This is the 11th installment of the "Getting Started" series. You can use penalized B-splines display a smooth curve through a set of data. The PBSPLINE statement fits spline models, displays the fit function(s), and optionally displays the data values. You can fit a wide variety of curves. You can fit a single function, or when you have a group or classification variable, fit multiple functions. (PROC SGPLOT provides a GROUP= option, whereas statistical procedures usually provide a CLASS statement that you can use to specify groups.)
The penalized B-spline software automatically picks the amount of smoothing. I like this technique a lot! It is easy to use, and it usually does a great job. We use it several places in SAS/STAT software including when displaying trace plots in Bayesian analyses. It is faster for large data sets than loess, which will be my next "Getting Started" topic. It almost always selects a reasonable amount of smoothing, and there are options you can specify if you want to change that amount. The technique was developed by Eilers and Marx (1996). I put it in PROC TRANSREG a few years later, and PROC SGPLOT calls the same code from the PBSPLINE statement.
The following step displays a single curve and a scatter plot of points.
proc sgplot data=sashelp.class noautolegend; title 'Penalized B-Spline'; pbspline y=weight x=height; run;
You can suppress markers by specifying the NOMARKERS option in the PBSPLINE statement. Then you can use the TEXT statement to display nondefault markers. This example uses the GROUP= and MARKERCHAR= options in the TEXT statement to differentiate the males and females.

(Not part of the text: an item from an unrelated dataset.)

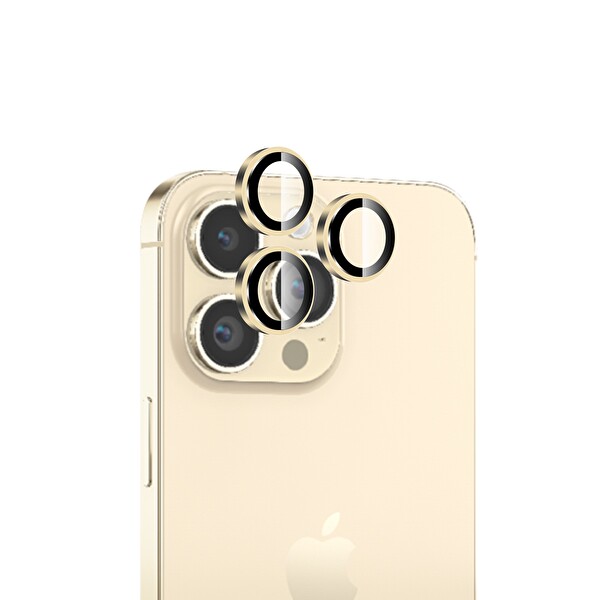 Bix iPhone 14 Pro - 14 Pro Max Uyumlu Safir 3D Camı 9H Premium Kamera Lens Koruyucu - Altın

proc sgplot data=sashelp.class noautolegend; title 'Penalized B-Spline with Markers Displayed by a TEXT Statement'; text y=weight x=height text=sex / group=sex; pbspline y=weight x=height / nomarkers; run;
You can specify the GROUP= option in the PBSPLINE statement to get a separate fit function for each group. You can also specify ATTRPRIORITY=NONE in the ODS GRAPHICS statement and a STYLEATTRS statement to vary the markers for each group while using solid lines.
ods graphics on / attrpriority=none; proc sgplot data=sashelp.gas; title 'PBSPLINE With a Group Variable'; styleattrs datalinepatterns=(solid); pbspline y=nox x=eqratio / group=fuel; run;
You can use these same techniques for groups in PBSPLINE that you can use in the REG statement.
PBSPLINE provides options that give you control over the algorithm. In most cases, you will never need to specify any of them. Options include NKNOTS=, SMOOTH=, DEGREE=, and MAXPOINTS=. By default, there are 100 evenly spaced knots and a degree 3 (cubic) polynomial. You can use SMOOTH= to specify the smoothing parameter; you might want to fit the same model by using PROC TRANSREG if you want guidance on the smoothing parameter. Again, you will mostly want to let the algorithm pick the smoothing parameter. You can specify MAXPOINTS= to control the number of points at which the spline is evaluated. I have found only two cases where might I want to change these defaults. I use PBSPLINE to chart some of my personal health history data. I find that with a small, sparse data set that consists of a few points over time, DEGREE=2 (quadratic spline) tends to work better than DEGREE=3. If you want to disable smoothing and control the smoothness by specifying the number of knots, then you can specify SMOOTH=0 and NKNOTS=k (for some nonnegative k). This last capability is why PROC SGPLOT does not provide a separate polynomial spline statement.
To see why you might want to specify DEGREE=2, NKNOTS=k for some small k, or SMOOTH=0, consider using the default options and fitting a penalized B-spline to the Sashelp.Class data set separately for each gender.
proc sgplot data=sashelp.class noautolegend; title 'Cubic Penalized B-Spline Is Not at Its Best With Sparse Data'; styleattrs datalinepatterns=(solid); pbspline y=weight x=height / group=sex; run;
The penalized B-spline model (before smoothing) for data such as these has many more parameters than data points. The data are too sparse to support the penalized B-spline calculations, and so the results are unstable. One curve extends well outside the range of the data. Other spline techniques are subject to this same issue. You will get better results if you specify DEGREE=2 (if you want a smooth function that approximately connects the dots), NKNOTS=k for a small k such as 2-4 (if you want to fit a smooth curve through the scatter plot), or some other combination of options that ensures less overfitting.
The PBSPLINE statement contains many other options that control the appearance of the plot that you might want to change. Statistical procedures give you more control over the statistical models. PROC SGPLOT gives you an easier way to control the graph. For more options, see the documentation for the PBSPLINE statement or PROC TRANSREG.